Yargı Reformu Stratejisi hakkında basın açıklaması, 25.8.2009

Adalet Bakanlığı tarafından açıklanan ve 2013 yılına kadar yapılması gerekenleri kapsayan, 62 sayfadan oluşan 24.8.2009 tarihli Yargı Reformu Stratejisi belgesi, beklentileri karşılamaktan uzak olduğu gibi, reform kavramıyla da bağdaşmayan bir içeriğe sahiptir.

Söz konusu belgede, herhangi bir Anayasa değişikliğine gerek olmaksızın, Adalet Bakanlığının “mahkemelerin bağımsızlığı ve yargıç güvencesi ilkelerine” aykırı olarak sahip olduğu yetki ve görevlerinin tartışmaya açılmaması düşündürücüdür. Adalet Bakanlığının özellikle 1982 den sonra sahip olduğu yetki ve görevler korunarak yargı reformu yapılması söz konusu olamaz.
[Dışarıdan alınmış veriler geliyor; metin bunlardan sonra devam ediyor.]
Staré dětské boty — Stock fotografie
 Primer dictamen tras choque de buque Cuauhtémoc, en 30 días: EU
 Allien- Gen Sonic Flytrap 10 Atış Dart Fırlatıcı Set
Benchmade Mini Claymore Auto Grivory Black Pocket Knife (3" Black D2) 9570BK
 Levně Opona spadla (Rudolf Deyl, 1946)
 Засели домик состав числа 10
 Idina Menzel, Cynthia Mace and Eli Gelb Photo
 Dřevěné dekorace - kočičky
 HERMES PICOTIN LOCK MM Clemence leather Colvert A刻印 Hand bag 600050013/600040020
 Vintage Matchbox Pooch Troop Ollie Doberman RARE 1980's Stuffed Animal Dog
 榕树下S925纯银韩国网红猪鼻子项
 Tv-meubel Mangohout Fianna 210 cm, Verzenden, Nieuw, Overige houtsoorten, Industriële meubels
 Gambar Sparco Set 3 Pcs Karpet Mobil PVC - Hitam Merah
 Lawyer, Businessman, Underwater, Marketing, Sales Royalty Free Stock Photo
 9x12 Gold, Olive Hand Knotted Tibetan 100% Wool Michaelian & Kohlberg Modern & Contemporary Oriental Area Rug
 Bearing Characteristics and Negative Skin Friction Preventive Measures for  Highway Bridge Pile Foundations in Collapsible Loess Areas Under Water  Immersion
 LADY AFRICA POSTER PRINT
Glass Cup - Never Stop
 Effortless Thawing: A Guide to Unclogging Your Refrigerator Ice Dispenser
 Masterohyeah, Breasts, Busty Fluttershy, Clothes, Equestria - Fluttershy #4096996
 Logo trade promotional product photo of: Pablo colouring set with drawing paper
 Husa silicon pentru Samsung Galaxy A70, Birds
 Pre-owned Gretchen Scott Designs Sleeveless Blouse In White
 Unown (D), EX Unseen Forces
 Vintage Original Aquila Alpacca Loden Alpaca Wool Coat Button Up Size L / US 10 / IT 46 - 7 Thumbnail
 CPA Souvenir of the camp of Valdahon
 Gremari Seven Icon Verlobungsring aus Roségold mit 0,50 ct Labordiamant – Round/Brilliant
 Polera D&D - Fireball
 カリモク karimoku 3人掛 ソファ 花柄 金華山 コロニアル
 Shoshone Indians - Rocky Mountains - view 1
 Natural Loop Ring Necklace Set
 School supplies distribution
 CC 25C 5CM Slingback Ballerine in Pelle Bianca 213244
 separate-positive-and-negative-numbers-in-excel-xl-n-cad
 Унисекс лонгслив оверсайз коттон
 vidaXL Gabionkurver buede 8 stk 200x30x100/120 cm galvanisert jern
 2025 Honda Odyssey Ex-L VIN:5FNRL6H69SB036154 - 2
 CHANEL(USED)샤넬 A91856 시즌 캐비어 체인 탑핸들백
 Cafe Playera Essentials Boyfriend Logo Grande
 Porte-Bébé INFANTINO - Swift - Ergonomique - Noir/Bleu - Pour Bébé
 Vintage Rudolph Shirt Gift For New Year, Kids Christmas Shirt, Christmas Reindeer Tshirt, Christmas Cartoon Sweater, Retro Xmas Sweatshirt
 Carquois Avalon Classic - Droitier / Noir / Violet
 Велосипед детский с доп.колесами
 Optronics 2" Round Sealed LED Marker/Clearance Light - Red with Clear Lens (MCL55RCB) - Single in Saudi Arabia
Yargı bağımsızlığı konusunda sadece HSYK’nın yapısının tartışmaya açılması anlamlıdır. Yargı bağımsızlığını zedeleyen düzenleme ve uygulamalarda esas olan Adalet Bakanlığının konumu iken, bu konunun irdelenmemesi düşündürücüdür.

Dünya Yargıçlar Birliği’nin 2003 Viyana Sonuç Bildirgesi’nde yargı bağımsızlığı nedeniyle Adalet Konseylerine (ki ülkemizdeki karşılığı HSYK), hükümet ve parlamento tarafından değil, yargı organları tarafından seçim yapılması gerektiği açıkça ifade edilmiş iken, geniş tabanlı temsil adı altında, kapalı cümlelerle, ancak daha önce bu kavram kullanılarak yasama organı yoluyla seçimden söz edilmesi hatırlandığında, HSYK’nın yapısına müdahalenin üstü kapalı da olsa hala daha ifade edilmesi yine düşündürücüdür.

Hak arama özgürlükleri önündeki engellerden ve bu özgürlüğün etkin kullanımından söz edilmemesi dikkat çekicidir.

YARSAV’ın kapatılmasından vazgeçildiği belirtilmesine rağmen, Anayasa’nın yürütme bölümü içinde idare başlığı altında düzenlenen, idari vesayete bağlı kamu kurumu niteliğinde yeni bir meslek örgütü kuracağını hala daha ifade eden, böyle bir örgütlenmenin Avrupa’da bir örneği olmadığını bilen Bakanlık, yargıda örgütlenme adı altında yargıyı iyice vesayet altına almaya çalışmaktadır.

Adli Tıp Kurumu ve Adalet Akademisi üzerindeki Adalet Bakanlığının etkisi sürdürülmektedir.

AB için hazırlandığı söylenen metin sırasında yargının tek sivil örgütü YARSAV’ın görüşlerinin alınmaması ise, yine AB söylemlerinin kullanıldığını ancak AB normlarının asla içselleştirilemediğini, reform adı altında yapılanların da, reform ve AB ile doğrudan ilgisi olmadığını ortaya koymaktadır.

Metin yaşama geçirilirse, Türkiye’nin daha ciddi bir yargı reformuna ihtiyaç duyacağı tartışmasızdır. Konu ile ilgili ayrıntılı açıklama yapılacaktır.